**Try it:** Across all of the records below, determine the number of lines containing the string "interest"; reply with that number only.

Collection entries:
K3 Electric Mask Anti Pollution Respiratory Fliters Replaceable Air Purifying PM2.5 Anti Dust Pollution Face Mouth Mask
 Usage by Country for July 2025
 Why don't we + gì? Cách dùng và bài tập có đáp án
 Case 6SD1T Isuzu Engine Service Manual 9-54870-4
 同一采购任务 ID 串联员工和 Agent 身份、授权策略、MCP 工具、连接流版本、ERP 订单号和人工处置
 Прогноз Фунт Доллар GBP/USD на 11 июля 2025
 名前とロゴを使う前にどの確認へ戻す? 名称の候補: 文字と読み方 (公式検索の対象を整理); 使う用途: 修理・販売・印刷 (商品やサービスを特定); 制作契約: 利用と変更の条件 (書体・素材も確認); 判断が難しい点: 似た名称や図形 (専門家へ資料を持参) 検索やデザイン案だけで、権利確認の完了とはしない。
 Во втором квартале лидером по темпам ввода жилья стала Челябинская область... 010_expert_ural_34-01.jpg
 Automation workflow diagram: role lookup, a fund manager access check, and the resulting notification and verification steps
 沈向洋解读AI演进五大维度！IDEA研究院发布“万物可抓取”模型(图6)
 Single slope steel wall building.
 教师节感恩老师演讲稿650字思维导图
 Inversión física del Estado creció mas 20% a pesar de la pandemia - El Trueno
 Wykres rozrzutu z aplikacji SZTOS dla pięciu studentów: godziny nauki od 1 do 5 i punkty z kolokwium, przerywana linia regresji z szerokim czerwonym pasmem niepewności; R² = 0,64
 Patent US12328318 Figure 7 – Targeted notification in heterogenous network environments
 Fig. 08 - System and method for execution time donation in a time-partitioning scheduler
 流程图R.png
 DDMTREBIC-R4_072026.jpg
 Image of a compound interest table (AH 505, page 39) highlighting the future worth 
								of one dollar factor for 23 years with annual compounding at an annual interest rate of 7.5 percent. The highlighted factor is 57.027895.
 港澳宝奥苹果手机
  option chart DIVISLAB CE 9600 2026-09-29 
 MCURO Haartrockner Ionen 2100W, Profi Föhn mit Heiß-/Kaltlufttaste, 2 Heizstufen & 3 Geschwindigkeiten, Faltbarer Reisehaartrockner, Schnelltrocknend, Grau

**Result for this task:** 2